Theory

This page gives a self-contained mathematical account of the methods VANE implements, in the order the pipeline applies them. Each result is checked against an analytical or reference solution; the Validation matrix links every claim here to an automated test. Symbols: \(N_b\) is the number of blades (three in VANE), \(\Omega\) the rotor speed (rad/s), \(\psi\) the rotor azimuth, and \(j=\sqrt{-1}\).

1. Linearized turbine dynamics 

OpenFAST linearizes the coupled aero-hydro-servo-elastic equations of motion about a periodic steady operating point, yielding a first-order state-space model

(1)\[\dot{\mathbf{x}}(t) = \mathbf{A}(\psi)\,\mathbf{x}(t) + \mathbf{B}(\psi)\,\mathbf{u}(t), \qquad \mathbf{y}(t) = \mathbf{C}(\psi)\,\mathbf{x}(t) + \mathbf{D}(\psi)\,\mathbf{u}(t),\]

where the state \(\mathbf{x}\) collects the structural and actuator degrees of freedom (DOFs) and their rates. For a spinning rotor the system matrices depend on the azimuth \(\psi=\Omega t\), so (1) is linear time-periodic (LTP) with period \(T = 2\pi/\Omega\), not time-invariant. The structural block has the second-order form

\[\mathbf{M}\ddot{\mathbf{q}} + \mathbf{C}_d\dot{\mathbf{q}} + \mathbf{K}\mathbf{q} = \mathbf{f},\]

assembled by VANE into the canonical state layout \(\mathbf{x} = [\,\mathbf{q}_2;\ \dot{\mathbf{q}}_2;\ \mathbf{q}_1\,]\) (second-order displacements, their rates, then first-order states); see Coordinate systems, origins & datums.

2. The multi-blade coordinate (Coleman) transform 

A direct eigenanalysis of \(\mathbf{A}(\psi)\) is azimuth-dependent and the blade DOFs are coupled by rotation. The multi-blade coordinate (MBC), or Coleman, transform [Coleman1957] [Bir2008] projects the \(N_b\) identical blade DOFs into the non-rotating frame, where an isotropic rotor becomes time-invariant.

Let \(q^{(b)}\) be a blade DOF on blade \(b\) at azimuth \(\psi_b = \psi + 2\pi(b-1)/N_b\). The transform to the collective, cosine-cyclic, and sine-cyclic coordinates is

(2)\[q_0 = \frac{1}{N_b}\sum_{b=1}^{N_b} q^{(b)}, \qquad q_{c} = \frac{2}{N_b}\sum_{b=1}^{N_b} q^{(b)}\cos\psi_b, \qquad q_{s} = \frac{2}{N_b}\sum_{b=1}^{N_b} q^{(b)}\sin\psi_b .\]

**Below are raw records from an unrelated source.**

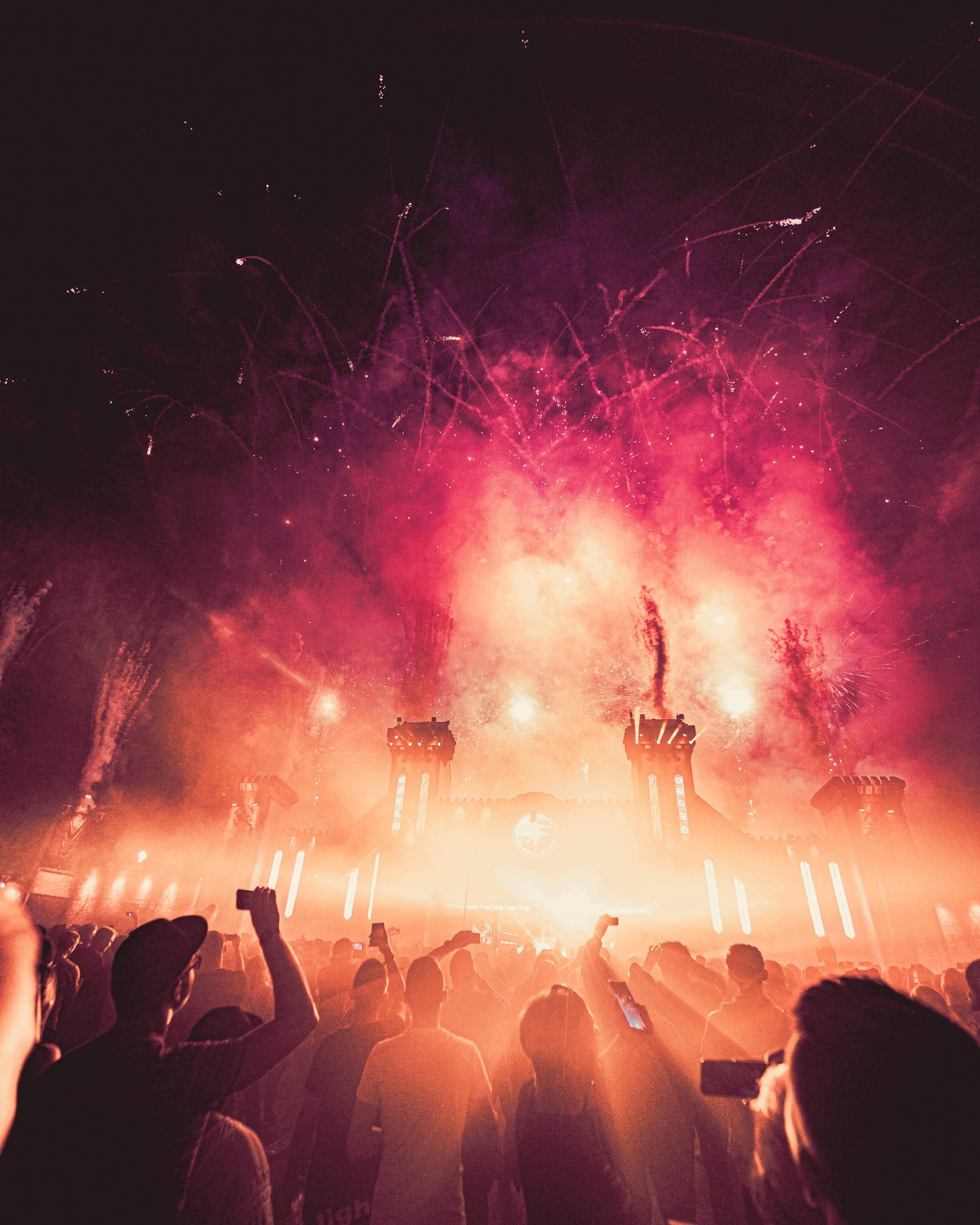 Fireworks over a festival stage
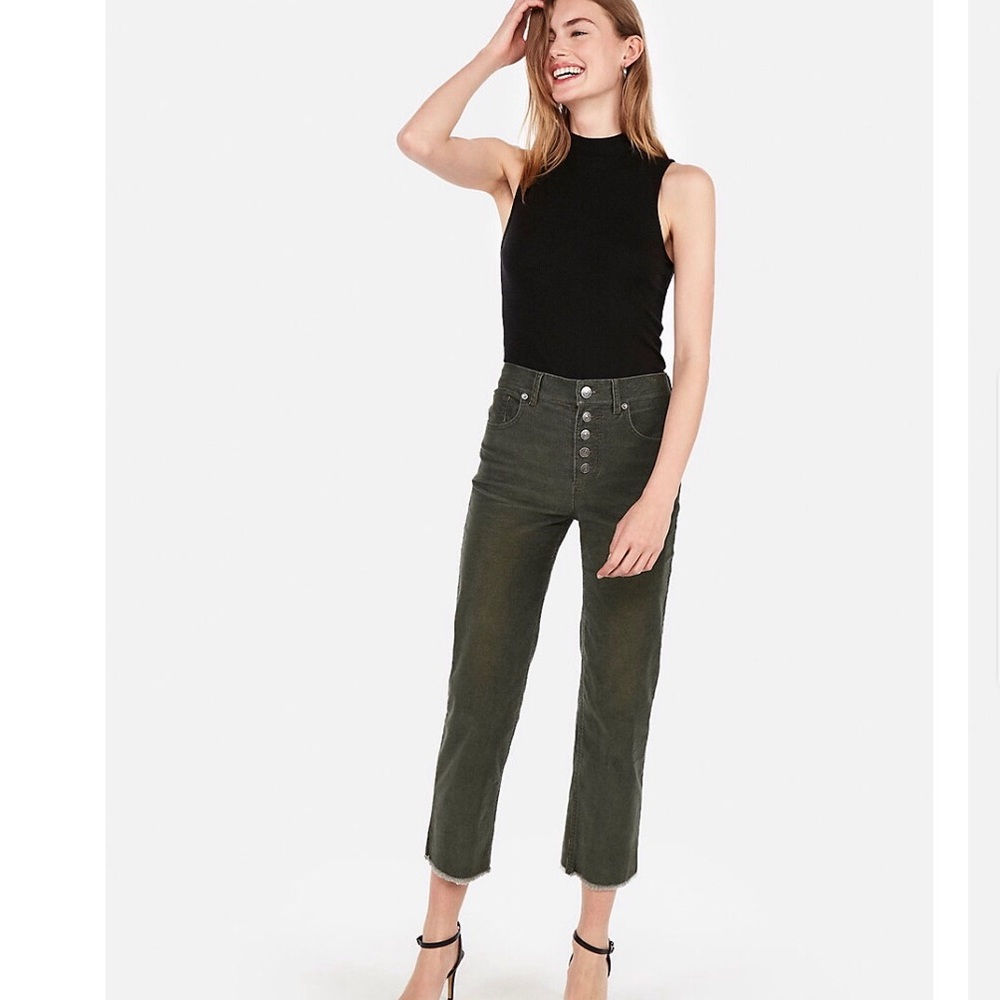 Express High Rise Straight Crop Corduroy 00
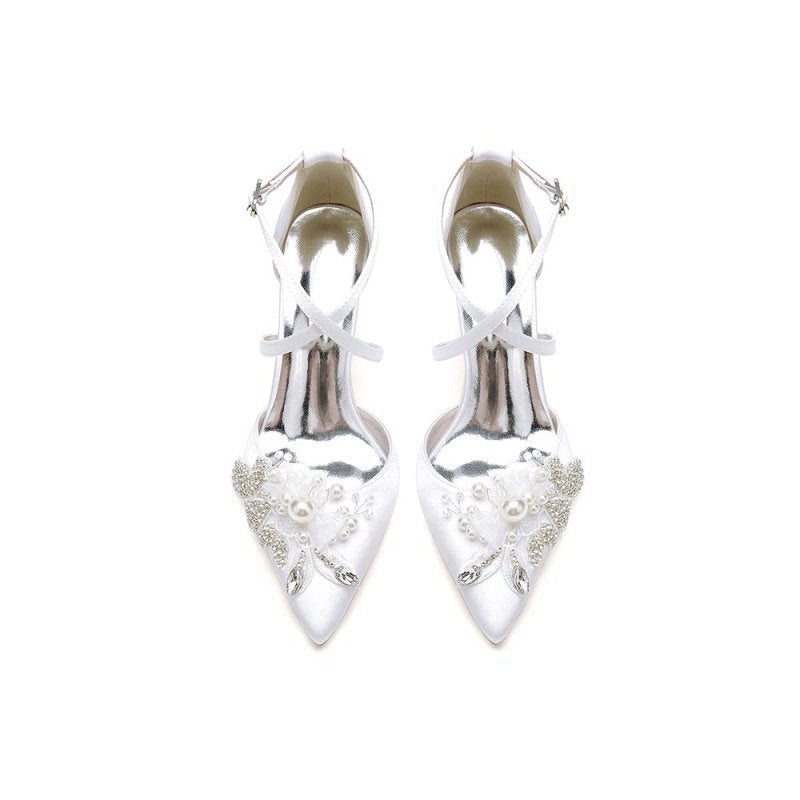 Silk Pump with Handcrafted Flower and Crystal Embellishments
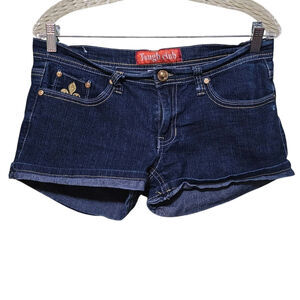 Tough Club Women's Stretch Jean Shorts Fleur-De-Lis Design on Pockets Size 11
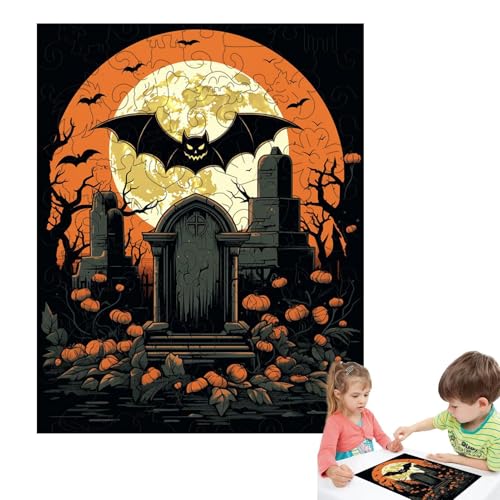 Halloween-Puzzle,Horror-Rätsel für Erwachsene Halloween,Anspruchsvolles Puzzle für Spieleabende - 3D-Weihnachtspuzzles Horror-Spukhaus aus Holz mit, Fledermaus, Grab-Themenpuzzles, kreatives Spielen von GEBBEM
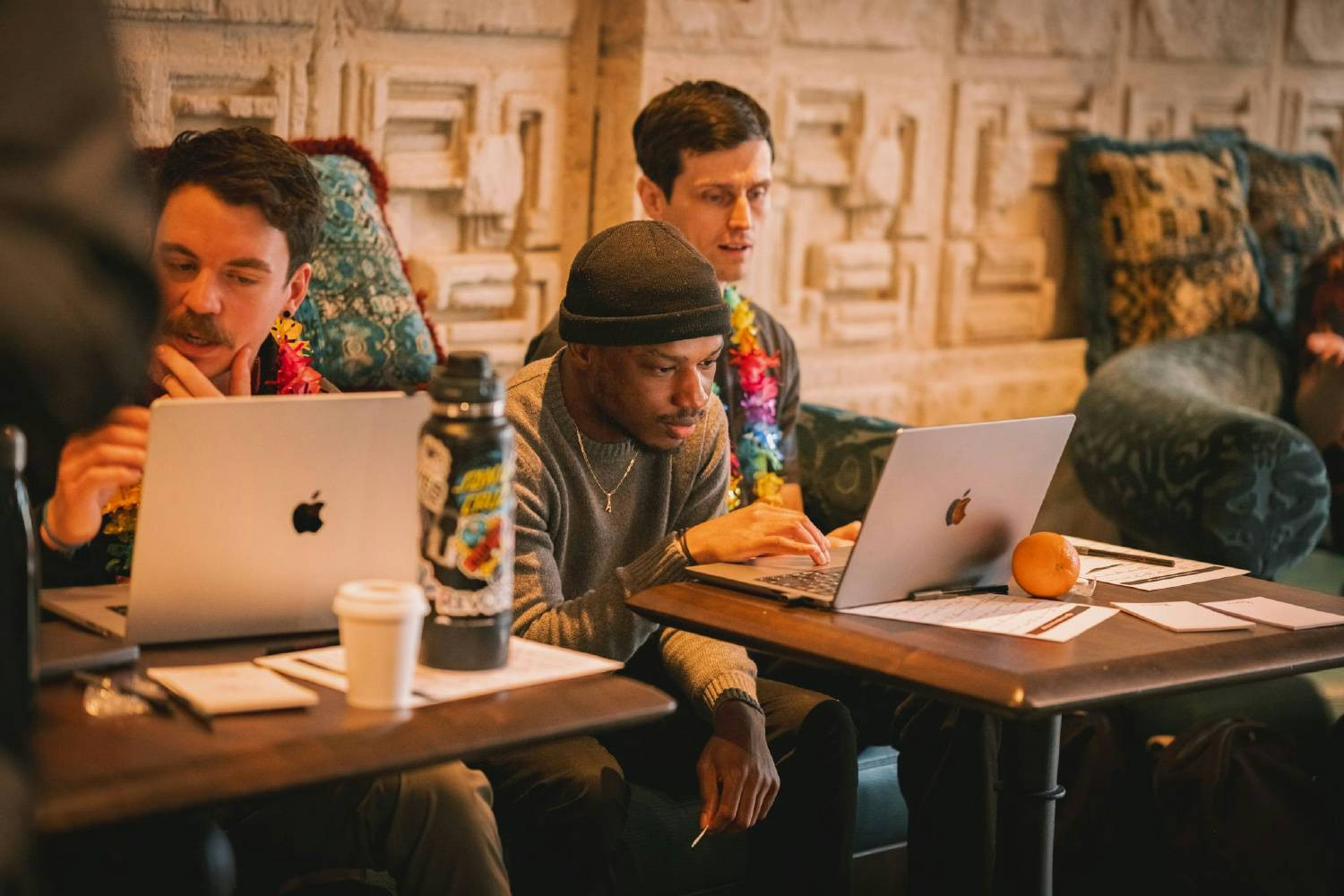 Team members hard at work during a 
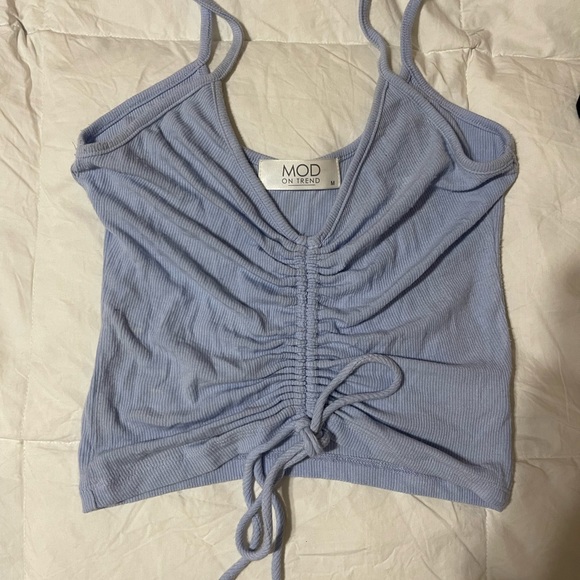 MOD On Trend Boutique Drawstring Rib Knit Cami Crop Top - Picture 4 of 9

Collecting (2) into the full-state transform \(\mathbf{T}(\psi)\) (the blade triplets transformed, the non-rotating tower, drivetrain, and platform DOFs passed through unchanged), the state transforms as \(\mathbf{x}_{\mathrm{NR}} = \mathbf{T}(\psi)\,\mathbf{x}\). For any first-order LTP system the exact non-rotating state matrix is

(3)\[\mathbf{A}_{\mathrm{NR}}(\psi) = \mathbf{T}\mathbf{A}\mathbf{T}^{-1} + \dot{\mathbf{T}}\mathbf{T}^{-1}, \qquad \dot{\mathbf{T}} = \Omega\,\partial_\psi\mathbf{T}.\]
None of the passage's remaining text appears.